*Data to process*:
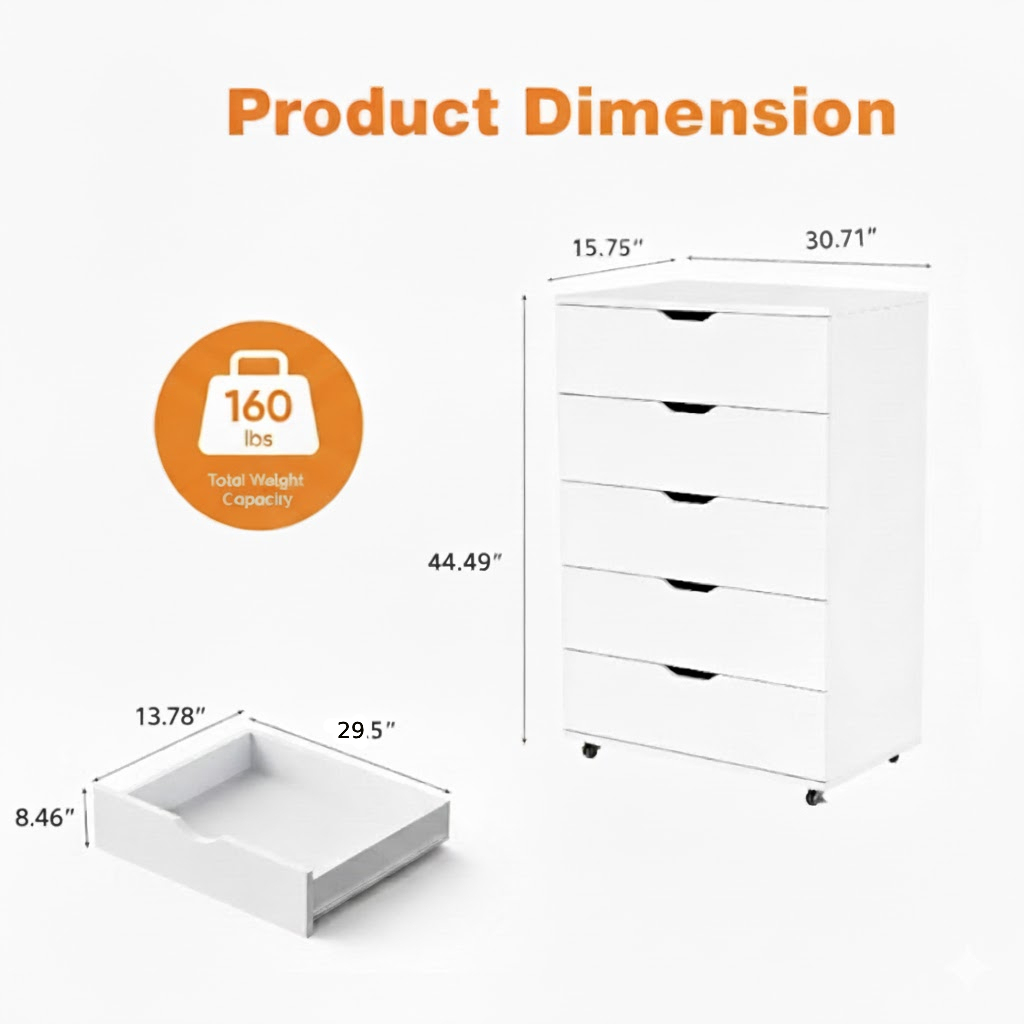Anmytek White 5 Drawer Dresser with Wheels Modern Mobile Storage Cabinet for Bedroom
==
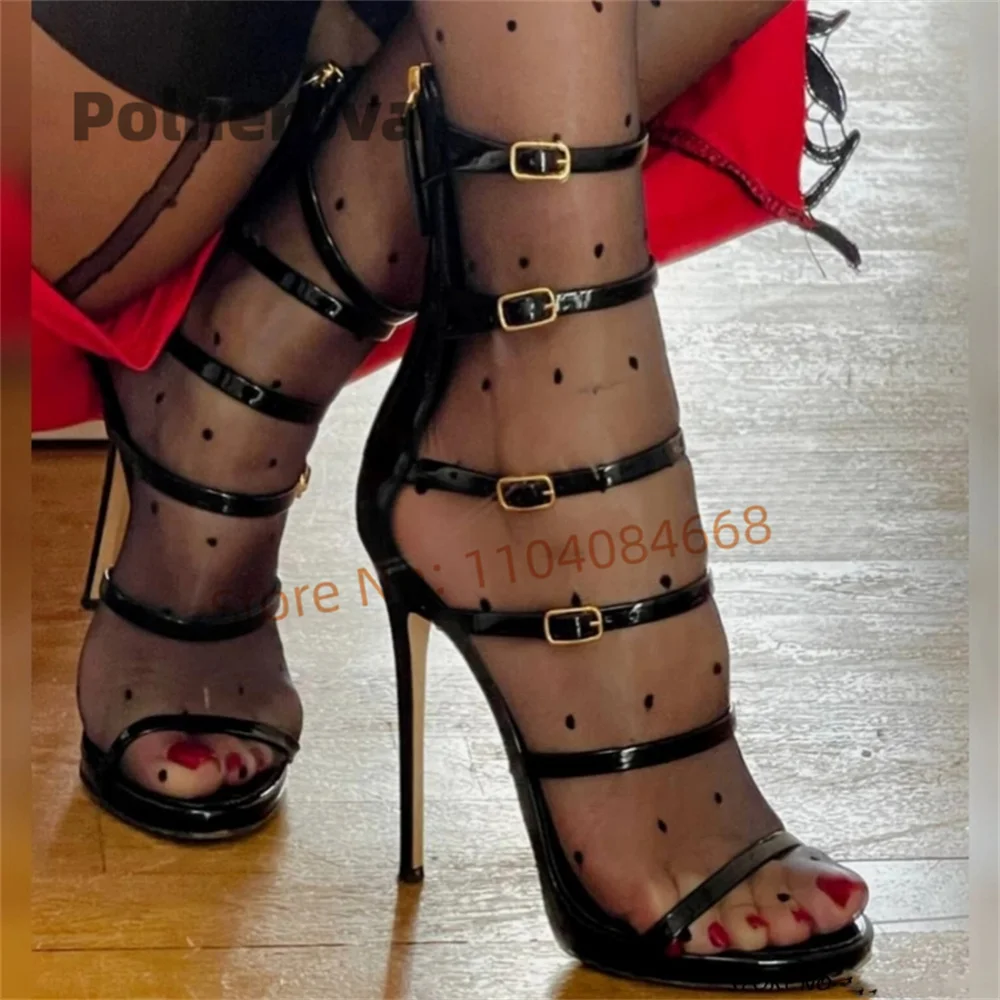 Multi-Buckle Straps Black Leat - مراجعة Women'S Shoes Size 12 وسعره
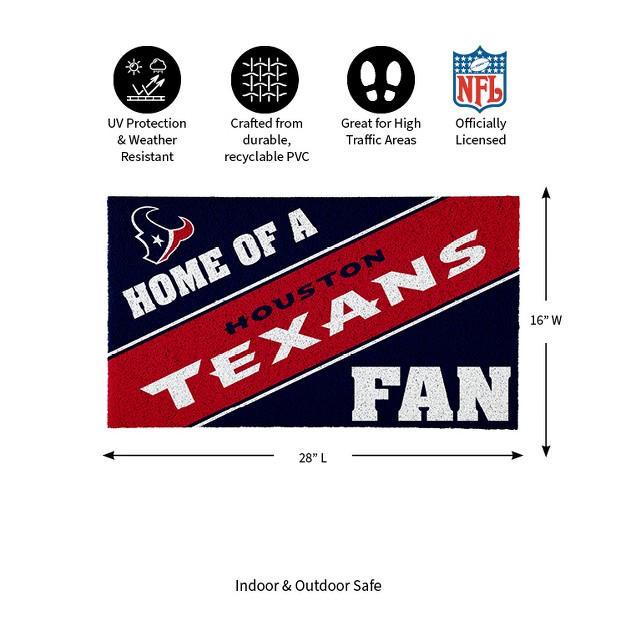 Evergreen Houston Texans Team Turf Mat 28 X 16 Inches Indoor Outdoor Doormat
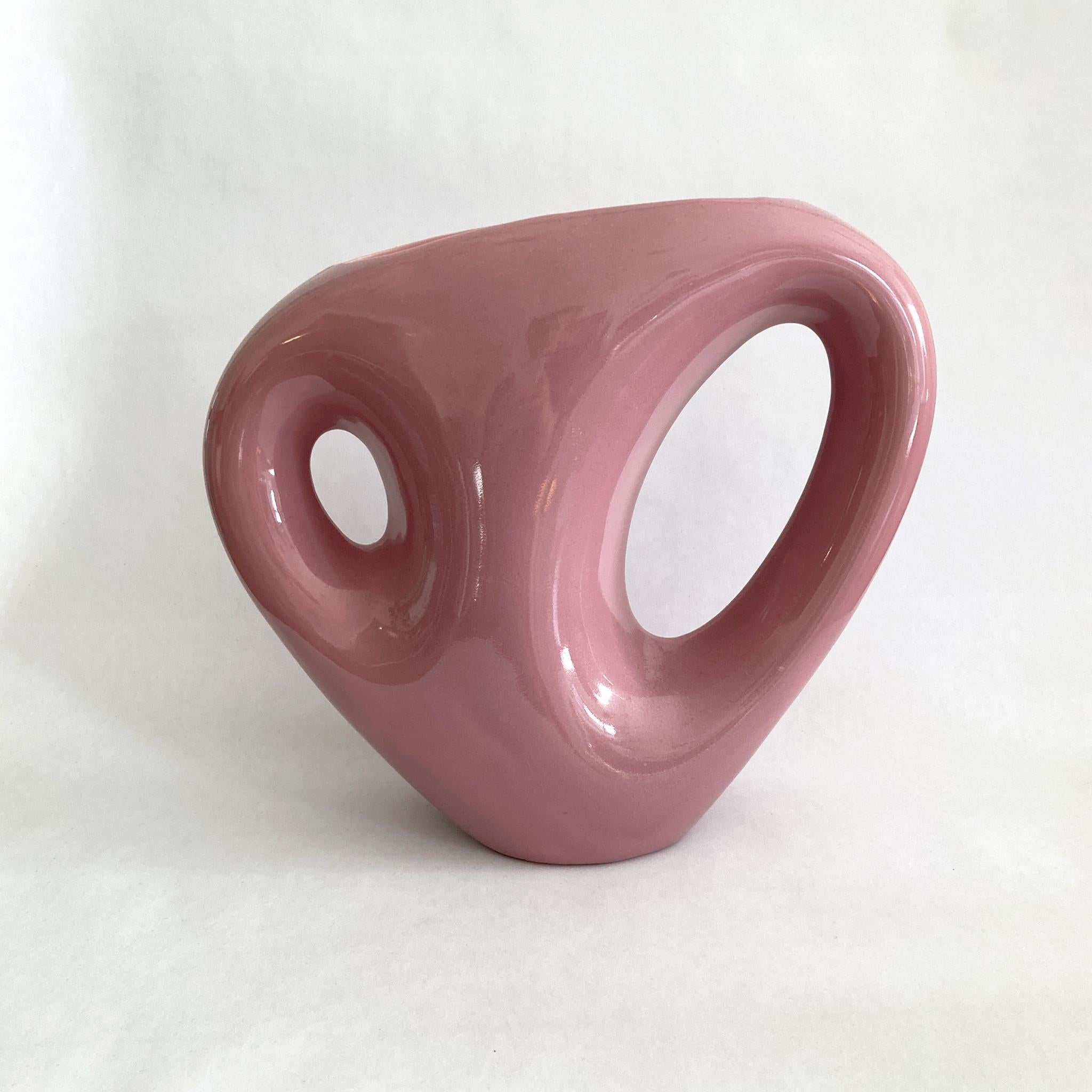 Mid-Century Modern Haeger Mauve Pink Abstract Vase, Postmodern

*Activity*: Take the lines above starting at the one containing "Evergreen Houston Texans" and ending at the one containing "Mid-Century Modern Haeger", and print them again exactly, without pictures.

*Task solution*:
 Evergreen Houston Texans Team Turf Mat 28 X 16 Inches Indoor Outdoor Doormat
 Mid-Century Modern Haeger Mauve Pink Abstract Vase, Postmodern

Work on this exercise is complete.